What the task requires
Each line below containing the word "Calgary" needs to be shown.

Information given
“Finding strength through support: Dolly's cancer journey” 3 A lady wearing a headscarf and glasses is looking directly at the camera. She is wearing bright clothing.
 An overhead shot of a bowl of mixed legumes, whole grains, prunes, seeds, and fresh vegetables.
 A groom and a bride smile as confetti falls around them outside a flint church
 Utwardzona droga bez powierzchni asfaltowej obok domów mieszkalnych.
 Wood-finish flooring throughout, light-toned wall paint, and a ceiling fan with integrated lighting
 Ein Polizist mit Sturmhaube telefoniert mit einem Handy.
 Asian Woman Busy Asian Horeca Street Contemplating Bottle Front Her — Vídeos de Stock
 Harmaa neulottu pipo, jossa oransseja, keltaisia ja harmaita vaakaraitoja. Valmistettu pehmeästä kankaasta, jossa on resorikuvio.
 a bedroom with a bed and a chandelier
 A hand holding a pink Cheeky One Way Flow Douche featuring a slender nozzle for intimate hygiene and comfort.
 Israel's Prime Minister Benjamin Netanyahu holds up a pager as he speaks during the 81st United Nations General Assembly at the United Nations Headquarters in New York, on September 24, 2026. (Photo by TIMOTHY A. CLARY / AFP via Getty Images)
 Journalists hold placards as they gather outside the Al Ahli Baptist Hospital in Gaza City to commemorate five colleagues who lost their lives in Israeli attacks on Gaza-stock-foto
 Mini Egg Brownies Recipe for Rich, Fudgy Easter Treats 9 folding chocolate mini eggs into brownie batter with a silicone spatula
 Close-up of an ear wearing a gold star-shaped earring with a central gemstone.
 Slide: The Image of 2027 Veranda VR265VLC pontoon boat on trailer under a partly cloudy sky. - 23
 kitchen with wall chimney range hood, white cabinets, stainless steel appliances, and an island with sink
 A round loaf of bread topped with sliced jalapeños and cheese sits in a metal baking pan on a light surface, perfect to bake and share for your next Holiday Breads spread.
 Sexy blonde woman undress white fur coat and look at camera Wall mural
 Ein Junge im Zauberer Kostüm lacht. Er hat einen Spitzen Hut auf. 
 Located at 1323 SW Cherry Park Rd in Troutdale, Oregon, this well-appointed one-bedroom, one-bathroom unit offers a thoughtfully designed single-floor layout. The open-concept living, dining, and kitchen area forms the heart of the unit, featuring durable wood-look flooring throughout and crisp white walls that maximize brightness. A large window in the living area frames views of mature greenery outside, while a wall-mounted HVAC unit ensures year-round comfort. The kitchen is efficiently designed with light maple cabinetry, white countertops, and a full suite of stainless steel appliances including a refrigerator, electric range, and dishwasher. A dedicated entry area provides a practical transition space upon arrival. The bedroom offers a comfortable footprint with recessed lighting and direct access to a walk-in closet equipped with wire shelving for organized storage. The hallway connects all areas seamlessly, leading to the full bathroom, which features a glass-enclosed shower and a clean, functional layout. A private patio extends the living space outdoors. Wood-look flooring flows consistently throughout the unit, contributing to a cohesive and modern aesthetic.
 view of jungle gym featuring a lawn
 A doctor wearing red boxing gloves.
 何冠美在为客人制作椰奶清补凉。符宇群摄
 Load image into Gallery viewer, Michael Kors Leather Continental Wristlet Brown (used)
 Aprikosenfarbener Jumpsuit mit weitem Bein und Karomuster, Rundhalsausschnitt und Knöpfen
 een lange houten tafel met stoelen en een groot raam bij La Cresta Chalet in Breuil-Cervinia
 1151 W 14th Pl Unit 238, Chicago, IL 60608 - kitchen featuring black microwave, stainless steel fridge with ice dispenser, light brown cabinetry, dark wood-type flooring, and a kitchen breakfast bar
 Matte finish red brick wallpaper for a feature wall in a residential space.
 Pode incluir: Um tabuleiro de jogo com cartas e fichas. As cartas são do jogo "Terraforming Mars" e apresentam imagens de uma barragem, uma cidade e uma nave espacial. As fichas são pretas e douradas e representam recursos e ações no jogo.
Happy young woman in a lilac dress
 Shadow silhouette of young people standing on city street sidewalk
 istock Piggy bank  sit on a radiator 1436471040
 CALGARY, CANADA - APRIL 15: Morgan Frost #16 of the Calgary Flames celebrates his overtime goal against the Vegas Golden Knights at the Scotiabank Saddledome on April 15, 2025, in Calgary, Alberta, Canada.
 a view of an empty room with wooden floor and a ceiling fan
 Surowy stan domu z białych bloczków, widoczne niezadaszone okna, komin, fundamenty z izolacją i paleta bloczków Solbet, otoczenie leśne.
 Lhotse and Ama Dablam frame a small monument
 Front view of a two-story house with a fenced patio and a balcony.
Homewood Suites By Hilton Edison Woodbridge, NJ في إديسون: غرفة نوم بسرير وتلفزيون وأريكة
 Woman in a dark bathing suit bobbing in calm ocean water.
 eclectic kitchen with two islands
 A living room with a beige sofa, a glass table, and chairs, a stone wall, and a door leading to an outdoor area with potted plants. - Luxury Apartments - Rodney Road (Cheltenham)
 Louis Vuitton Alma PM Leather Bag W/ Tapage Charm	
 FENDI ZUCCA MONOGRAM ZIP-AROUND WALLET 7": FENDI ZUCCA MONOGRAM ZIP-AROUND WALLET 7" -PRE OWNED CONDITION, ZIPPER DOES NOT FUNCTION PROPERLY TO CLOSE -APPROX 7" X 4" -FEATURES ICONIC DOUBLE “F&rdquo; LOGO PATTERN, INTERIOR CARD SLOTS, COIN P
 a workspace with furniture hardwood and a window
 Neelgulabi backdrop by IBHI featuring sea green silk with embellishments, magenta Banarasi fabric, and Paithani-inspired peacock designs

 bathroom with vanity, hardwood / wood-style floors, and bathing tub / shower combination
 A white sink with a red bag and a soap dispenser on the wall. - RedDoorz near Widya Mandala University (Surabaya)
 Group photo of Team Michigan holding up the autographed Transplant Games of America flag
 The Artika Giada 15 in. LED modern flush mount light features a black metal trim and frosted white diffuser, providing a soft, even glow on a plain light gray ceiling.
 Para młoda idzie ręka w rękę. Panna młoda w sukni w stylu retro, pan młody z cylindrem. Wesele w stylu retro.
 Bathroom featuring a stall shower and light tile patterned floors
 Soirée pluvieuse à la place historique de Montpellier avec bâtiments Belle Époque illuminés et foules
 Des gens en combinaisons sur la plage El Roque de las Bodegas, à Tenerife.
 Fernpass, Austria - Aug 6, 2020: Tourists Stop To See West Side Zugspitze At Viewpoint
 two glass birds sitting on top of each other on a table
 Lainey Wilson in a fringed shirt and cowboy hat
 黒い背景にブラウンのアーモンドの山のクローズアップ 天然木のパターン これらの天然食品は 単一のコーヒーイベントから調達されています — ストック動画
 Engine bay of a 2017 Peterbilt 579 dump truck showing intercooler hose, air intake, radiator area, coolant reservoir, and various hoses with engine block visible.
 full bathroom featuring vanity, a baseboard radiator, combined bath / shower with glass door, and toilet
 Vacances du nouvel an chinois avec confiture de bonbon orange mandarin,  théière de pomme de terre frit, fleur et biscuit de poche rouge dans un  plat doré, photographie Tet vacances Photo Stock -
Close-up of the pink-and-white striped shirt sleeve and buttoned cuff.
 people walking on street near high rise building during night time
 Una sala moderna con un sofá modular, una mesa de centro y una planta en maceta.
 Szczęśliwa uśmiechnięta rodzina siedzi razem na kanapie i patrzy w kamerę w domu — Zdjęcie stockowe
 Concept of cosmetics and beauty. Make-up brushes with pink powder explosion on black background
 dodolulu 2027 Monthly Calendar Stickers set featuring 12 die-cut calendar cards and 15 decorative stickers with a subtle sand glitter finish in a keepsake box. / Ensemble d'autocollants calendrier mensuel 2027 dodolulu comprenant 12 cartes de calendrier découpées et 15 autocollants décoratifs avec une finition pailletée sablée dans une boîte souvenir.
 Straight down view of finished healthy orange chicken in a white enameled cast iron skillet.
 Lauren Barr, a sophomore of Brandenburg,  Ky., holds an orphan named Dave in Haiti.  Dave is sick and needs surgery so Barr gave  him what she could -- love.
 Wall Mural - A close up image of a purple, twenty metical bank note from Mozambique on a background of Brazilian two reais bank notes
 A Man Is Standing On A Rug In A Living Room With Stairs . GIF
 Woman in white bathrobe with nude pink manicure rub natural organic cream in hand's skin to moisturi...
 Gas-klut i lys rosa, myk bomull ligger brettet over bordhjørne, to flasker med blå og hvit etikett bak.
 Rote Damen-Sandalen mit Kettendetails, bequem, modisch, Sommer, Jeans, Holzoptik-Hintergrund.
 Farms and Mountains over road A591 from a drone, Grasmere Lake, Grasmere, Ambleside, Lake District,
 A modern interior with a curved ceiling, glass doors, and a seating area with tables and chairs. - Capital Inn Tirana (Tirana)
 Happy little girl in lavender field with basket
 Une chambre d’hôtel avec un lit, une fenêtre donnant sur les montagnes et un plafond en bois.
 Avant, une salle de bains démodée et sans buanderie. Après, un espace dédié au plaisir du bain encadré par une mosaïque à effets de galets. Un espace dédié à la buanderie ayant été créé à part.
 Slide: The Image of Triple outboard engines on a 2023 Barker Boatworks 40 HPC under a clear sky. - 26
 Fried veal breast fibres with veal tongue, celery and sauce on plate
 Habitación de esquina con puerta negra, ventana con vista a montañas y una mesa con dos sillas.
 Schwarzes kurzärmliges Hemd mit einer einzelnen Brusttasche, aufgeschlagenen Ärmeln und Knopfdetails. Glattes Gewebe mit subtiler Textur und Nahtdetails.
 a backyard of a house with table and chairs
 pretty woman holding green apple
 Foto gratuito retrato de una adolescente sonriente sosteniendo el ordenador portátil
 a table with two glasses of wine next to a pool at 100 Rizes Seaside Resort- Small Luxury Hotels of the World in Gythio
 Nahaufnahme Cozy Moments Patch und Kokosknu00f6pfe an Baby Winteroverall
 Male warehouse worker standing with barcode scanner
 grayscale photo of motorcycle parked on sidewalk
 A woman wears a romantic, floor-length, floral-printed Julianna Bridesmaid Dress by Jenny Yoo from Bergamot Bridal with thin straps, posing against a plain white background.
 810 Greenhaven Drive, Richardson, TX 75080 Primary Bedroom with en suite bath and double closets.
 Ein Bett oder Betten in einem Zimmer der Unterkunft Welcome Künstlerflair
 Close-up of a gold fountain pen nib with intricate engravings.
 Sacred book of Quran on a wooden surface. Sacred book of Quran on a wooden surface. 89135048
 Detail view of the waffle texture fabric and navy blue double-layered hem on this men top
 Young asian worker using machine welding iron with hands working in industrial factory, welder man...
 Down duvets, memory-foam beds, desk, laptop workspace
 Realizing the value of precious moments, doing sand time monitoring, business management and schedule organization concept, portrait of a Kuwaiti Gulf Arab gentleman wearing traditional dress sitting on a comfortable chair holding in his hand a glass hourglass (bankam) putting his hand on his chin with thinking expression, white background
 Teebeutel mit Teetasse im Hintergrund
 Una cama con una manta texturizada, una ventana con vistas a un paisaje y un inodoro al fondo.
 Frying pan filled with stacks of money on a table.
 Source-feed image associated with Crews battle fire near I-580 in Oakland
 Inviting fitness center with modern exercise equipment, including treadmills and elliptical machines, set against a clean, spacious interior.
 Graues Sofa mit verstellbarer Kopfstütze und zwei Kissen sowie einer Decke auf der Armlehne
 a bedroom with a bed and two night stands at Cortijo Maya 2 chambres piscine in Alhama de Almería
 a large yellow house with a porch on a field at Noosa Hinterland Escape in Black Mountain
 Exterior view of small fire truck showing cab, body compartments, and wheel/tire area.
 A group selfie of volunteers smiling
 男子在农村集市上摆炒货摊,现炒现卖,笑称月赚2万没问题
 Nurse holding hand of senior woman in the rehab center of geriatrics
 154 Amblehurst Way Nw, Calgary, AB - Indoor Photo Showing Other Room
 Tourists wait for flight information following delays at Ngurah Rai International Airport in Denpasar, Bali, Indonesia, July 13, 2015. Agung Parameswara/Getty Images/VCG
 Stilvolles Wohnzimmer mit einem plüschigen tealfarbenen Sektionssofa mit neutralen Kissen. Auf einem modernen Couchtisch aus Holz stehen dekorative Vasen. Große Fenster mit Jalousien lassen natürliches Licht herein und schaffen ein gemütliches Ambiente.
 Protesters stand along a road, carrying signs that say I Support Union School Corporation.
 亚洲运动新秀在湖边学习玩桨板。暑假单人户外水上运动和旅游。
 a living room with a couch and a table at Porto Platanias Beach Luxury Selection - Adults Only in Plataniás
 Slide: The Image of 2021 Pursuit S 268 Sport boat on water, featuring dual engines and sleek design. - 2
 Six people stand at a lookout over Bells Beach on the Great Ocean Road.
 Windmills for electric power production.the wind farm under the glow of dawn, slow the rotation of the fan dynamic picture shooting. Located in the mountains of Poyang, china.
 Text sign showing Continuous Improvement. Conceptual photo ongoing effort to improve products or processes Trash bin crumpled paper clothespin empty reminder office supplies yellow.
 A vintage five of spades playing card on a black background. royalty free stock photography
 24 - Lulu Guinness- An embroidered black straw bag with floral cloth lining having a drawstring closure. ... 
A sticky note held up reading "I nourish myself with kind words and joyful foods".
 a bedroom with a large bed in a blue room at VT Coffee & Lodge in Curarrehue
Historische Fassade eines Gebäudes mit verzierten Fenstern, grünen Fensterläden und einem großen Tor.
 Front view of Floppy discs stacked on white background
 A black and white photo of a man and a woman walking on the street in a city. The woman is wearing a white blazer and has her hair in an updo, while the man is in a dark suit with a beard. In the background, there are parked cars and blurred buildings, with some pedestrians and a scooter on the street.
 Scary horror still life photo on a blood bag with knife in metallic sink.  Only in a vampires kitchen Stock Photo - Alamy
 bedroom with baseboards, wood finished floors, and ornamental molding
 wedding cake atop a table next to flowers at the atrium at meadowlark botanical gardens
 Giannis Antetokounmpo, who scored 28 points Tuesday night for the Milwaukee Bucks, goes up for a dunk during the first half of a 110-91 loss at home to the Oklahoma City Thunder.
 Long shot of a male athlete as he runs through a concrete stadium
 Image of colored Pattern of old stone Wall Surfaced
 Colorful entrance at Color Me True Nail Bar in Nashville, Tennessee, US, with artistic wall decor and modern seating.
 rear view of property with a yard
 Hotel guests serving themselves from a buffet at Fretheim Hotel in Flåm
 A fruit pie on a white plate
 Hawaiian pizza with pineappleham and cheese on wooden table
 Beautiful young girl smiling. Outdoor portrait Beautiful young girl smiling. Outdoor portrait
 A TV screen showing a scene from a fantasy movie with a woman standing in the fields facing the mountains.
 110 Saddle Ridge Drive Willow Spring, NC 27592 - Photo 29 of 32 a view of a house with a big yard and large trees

Solution
 CALGARY, CANADA - APRIL 15: Morgan Frost #16 of the Calgary Flames celebrates his overtime goal against the Vegas Golden Knights at the Scotiabank Saddledome on April 15, 2025, in Calgary, Alberta, Canada.
 154 Amblehurst Way Nw, Calgary, AB - Indoor Photo Showing Other Room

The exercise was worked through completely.